Ireland - High Court, 24 April 2008, F.N. v Minister for Justice, Equality and Law Reform [2008] IEHC 107

Ireland - High Court, 24 April 2008, F.N. v Minister for Justice, Equality and Law Reform [2008] IEHC 107
Country of Decision: Ireland
Country of applicant: Nigeria
Court name: High Court
Date of decision: 24-04-2008
Citation: [2008] IEHC 107
Additional citation: 2007 Nos. 1432, 1528 & 1641 JR; [2009] 1 IR 88

Keywords:

Keywords
Internal protection
Subsidiary Protection
Country of origin

Headnote:

This case concerned the argument that the decision of the Minister with regard to deciding whether to grant subsidiary protection must involve the same procedure as that which is applied in determining refugee status and that, in reviewing any such decision of the Minister, the courts must apply the same principles as apply to refugee determinations, rather than the principles that apply when reviewing the discretionary grant of humanitarian leave to remain or a decision as to non-refoulement.

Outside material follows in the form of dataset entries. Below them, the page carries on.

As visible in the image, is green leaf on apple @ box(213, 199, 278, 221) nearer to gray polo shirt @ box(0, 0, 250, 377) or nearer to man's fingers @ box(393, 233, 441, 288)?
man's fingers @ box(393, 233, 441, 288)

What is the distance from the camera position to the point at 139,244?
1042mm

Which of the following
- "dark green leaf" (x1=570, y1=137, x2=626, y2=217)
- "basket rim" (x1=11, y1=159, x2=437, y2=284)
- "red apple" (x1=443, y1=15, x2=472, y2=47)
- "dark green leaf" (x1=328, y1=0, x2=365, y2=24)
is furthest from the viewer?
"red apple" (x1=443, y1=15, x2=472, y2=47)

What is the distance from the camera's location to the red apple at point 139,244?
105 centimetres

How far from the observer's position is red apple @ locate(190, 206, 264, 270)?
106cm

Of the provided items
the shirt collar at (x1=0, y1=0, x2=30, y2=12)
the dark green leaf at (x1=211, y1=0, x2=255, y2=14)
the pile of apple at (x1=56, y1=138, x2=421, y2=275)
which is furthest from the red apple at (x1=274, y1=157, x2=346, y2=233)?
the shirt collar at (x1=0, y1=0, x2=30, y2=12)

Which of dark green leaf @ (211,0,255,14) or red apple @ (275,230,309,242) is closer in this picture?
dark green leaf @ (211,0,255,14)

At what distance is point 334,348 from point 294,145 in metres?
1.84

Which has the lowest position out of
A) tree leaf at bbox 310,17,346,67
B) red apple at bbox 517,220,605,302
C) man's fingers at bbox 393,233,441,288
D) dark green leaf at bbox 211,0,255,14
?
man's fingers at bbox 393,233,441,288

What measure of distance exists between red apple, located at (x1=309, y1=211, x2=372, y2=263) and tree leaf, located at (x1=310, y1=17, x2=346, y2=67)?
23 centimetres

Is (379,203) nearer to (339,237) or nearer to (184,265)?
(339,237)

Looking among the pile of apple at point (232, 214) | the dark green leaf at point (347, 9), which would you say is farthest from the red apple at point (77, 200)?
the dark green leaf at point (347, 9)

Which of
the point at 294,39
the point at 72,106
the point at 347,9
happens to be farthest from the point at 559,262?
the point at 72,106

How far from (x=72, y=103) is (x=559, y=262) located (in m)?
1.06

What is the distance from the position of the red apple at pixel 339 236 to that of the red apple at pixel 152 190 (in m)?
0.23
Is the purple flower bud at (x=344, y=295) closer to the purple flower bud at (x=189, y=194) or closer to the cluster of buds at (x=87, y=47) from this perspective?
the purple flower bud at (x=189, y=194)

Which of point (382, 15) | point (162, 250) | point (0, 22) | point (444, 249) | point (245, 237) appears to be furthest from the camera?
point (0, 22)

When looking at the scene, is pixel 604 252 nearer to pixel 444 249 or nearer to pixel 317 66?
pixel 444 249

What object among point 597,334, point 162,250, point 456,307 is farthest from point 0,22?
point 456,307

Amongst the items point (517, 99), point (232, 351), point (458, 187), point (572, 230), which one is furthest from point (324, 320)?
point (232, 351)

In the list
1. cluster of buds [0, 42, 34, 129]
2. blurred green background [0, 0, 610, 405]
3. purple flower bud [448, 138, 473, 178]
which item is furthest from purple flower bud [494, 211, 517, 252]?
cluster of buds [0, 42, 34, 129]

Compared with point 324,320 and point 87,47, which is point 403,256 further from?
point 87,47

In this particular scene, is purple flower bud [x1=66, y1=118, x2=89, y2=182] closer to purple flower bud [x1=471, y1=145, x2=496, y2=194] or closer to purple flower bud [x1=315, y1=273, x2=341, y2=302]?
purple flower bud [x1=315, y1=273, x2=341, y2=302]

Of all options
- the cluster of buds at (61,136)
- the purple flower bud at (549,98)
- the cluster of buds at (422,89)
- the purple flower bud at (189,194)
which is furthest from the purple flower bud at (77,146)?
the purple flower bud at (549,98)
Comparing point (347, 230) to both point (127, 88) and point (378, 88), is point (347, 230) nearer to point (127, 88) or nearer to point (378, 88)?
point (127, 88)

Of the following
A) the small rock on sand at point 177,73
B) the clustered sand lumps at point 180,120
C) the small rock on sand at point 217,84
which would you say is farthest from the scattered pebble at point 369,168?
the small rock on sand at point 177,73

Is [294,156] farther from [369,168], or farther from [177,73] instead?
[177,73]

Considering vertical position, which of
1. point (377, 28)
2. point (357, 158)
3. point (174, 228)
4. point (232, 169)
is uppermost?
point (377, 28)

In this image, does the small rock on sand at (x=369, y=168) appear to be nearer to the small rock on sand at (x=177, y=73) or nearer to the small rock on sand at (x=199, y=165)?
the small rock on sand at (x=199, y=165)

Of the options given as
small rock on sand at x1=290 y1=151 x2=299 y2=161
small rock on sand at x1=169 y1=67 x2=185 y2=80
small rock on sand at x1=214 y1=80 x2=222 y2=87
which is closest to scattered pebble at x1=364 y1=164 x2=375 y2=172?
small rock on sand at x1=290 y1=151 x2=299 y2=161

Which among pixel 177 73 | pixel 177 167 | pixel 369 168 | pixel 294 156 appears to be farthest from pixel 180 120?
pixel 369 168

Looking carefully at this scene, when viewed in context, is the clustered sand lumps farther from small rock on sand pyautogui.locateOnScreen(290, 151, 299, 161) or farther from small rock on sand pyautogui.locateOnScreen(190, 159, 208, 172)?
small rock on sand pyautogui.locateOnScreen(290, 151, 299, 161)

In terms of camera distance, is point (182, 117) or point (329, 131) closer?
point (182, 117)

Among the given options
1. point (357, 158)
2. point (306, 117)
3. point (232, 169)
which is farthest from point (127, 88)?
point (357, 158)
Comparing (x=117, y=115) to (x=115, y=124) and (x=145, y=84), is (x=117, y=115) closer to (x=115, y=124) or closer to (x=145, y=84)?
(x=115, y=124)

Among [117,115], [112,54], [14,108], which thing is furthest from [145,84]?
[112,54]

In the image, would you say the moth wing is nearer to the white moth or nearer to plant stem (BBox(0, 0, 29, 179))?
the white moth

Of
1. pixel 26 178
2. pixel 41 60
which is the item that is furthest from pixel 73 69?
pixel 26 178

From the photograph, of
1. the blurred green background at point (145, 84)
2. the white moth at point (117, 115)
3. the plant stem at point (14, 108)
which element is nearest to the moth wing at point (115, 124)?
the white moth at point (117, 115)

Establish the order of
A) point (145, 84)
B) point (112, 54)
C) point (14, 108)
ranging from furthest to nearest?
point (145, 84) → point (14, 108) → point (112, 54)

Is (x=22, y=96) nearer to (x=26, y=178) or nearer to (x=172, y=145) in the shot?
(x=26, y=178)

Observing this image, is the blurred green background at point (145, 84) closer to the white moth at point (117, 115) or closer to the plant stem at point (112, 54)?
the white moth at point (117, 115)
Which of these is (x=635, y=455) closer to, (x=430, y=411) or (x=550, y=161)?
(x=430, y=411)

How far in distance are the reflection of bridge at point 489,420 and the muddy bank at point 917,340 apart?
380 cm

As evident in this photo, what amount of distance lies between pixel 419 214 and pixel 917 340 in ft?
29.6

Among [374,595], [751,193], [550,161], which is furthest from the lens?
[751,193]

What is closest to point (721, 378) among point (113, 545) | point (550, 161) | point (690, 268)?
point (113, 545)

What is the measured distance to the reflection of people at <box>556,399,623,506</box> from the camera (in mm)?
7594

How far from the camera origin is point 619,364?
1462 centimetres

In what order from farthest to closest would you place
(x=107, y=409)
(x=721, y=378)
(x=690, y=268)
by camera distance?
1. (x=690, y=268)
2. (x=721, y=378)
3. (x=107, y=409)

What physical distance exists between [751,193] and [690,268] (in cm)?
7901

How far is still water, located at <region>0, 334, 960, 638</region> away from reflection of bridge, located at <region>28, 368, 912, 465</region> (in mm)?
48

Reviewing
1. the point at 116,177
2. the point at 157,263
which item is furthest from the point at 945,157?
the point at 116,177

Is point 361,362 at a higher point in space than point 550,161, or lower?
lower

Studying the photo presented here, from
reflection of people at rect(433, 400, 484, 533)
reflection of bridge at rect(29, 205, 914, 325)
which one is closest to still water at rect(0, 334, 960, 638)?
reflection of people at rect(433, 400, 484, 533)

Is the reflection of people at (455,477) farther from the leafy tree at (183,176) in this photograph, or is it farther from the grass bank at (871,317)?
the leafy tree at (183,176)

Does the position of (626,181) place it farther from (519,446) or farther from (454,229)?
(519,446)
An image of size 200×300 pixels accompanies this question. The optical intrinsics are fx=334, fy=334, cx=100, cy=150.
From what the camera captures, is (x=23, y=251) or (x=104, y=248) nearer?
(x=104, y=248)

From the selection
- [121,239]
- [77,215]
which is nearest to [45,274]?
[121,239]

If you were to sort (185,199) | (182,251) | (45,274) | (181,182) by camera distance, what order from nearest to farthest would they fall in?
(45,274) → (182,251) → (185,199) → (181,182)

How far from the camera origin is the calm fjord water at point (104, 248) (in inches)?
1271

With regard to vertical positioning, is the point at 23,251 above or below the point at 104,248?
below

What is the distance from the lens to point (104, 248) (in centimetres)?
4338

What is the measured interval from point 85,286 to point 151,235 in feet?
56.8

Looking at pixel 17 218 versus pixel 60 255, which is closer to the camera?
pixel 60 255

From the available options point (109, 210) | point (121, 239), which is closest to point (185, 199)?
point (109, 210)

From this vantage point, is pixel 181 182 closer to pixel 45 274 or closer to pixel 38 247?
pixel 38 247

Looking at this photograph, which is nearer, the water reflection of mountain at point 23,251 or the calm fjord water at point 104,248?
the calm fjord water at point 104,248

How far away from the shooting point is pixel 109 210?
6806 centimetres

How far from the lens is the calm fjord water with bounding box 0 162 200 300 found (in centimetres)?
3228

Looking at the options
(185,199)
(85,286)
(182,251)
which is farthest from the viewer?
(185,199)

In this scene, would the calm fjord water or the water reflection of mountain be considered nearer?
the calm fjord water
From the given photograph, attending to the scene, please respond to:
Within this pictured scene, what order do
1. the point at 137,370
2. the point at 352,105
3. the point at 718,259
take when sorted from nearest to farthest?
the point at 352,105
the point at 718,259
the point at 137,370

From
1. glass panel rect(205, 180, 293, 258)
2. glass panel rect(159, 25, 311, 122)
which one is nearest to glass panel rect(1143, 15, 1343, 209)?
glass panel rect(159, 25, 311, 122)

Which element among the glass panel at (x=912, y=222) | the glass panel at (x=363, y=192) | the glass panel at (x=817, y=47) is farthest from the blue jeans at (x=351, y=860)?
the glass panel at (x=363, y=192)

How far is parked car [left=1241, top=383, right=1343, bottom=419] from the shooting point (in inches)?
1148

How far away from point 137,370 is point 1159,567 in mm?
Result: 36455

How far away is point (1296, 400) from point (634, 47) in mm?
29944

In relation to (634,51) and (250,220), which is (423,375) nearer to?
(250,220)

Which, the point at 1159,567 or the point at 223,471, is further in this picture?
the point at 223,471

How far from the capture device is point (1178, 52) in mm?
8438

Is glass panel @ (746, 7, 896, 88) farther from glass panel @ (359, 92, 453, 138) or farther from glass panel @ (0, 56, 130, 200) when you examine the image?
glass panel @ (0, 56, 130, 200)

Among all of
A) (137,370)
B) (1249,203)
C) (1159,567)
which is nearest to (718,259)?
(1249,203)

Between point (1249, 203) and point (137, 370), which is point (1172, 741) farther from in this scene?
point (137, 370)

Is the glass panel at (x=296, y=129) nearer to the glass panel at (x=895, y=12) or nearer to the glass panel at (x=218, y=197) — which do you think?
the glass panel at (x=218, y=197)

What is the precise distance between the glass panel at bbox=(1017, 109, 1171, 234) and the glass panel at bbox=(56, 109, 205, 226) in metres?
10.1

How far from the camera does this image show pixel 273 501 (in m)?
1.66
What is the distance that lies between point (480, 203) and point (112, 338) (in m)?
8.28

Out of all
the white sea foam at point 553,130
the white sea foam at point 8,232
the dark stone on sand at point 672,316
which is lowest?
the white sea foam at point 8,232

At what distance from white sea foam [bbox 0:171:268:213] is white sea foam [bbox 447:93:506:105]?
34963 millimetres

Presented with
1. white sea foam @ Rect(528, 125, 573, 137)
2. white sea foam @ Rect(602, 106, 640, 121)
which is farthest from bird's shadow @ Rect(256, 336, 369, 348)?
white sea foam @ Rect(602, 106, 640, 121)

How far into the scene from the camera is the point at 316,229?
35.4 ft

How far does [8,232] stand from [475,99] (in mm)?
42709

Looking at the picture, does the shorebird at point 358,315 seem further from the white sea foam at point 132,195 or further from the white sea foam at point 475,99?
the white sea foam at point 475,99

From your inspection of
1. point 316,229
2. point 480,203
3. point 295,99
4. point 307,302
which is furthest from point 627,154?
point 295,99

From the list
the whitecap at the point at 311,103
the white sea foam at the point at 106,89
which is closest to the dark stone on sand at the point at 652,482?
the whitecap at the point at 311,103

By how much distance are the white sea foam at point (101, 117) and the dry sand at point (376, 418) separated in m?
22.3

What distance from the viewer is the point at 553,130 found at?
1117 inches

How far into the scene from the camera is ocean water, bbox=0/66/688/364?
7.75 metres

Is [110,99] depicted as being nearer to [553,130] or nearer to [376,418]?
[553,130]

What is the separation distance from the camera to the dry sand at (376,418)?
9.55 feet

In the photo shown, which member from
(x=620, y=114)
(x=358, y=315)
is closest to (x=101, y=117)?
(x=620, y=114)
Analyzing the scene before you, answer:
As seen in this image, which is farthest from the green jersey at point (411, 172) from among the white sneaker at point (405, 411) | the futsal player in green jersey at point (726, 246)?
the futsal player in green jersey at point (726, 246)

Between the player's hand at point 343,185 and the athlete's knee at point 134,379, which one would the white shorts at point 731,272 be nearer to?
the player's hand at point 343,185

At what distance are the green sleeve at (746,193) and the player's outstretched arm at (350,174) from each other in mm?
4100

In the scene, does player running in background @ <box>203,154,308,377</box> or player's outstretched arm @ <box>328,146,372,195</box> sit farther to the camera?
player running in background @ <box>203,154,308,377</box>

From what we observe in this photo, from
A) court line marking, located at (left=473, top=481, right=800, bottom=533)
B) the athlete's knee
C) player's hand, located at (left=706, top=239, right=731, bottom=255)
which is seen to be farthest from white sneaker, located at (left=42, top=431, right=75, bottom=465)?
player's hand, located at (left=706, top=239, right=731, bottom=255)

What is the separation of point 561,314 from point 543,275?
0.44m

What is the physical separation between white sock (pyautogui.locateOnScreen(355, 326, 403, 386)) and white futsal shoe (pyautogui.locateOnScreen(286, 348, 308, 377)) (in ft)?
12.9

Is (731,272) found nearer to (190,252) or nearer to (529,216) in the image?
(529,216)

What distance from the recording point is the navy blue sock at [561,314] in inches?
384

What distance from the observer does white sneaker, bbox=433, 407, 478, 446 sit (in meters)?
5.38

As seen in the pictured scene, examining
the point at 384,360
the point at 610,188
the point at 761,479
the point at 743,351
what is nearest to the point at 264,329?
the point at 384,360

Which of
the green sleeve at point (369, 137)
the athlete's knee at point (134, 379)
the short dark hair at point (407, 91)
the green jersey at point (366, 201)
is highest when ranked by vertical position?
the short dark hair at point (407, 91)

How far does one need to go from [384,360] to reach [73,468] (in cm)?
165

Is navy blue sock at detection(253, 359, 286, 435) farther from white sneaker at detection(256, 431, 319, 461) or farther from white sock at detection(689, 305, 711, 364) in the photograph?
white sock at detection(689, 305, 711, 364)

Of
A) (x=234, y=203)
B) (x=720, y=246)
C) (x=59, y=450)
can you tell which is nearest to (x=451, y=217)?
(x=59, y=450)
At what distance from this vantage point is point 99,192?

The Court held that nothing in the Procedures Directive required that the decision making process as to subsidiary protection should be the same as that for the refugee process, however if substantially new material was put forward in a subsidiary protection application it must be given a fair and reasoned consideration. The primary focus for deciding upon an application for subsidiary protection under the Qualifications Directive is on obtaining reliable and up to date country of origin information. It is not necessary for the Minister, in making such a decision, to engage in a dialogue with an applicant.

Facts:

The applicants had come to Ireland and made unsuccessful applications for refugee status on the basis a fear of religious persecution and FGM. The applicants subsequently applied for subsidiary protection enclosing certain country of origin information and medical reports and were refused. One of the applicants, a minor, suffered from a leg injury which made it difficult for her to walk for more than a short distance without pain. The applicants argued that the decision of the Minister in refusing their application was made in breach of their rights, in that the procedure that must be applied is equivalent to the statutory mechanism for determining refugee status.

Decision & reasoning:

In referring to the Irish implementing measures that had transposed the Qualification Directive, the Court noted that the principles of protection contained in these measures are aimed against human action and not against illness or natural disaster; the Court was not entitled to construe the relevant definitions outside these parameters and to bring them into the realm of health or welfare.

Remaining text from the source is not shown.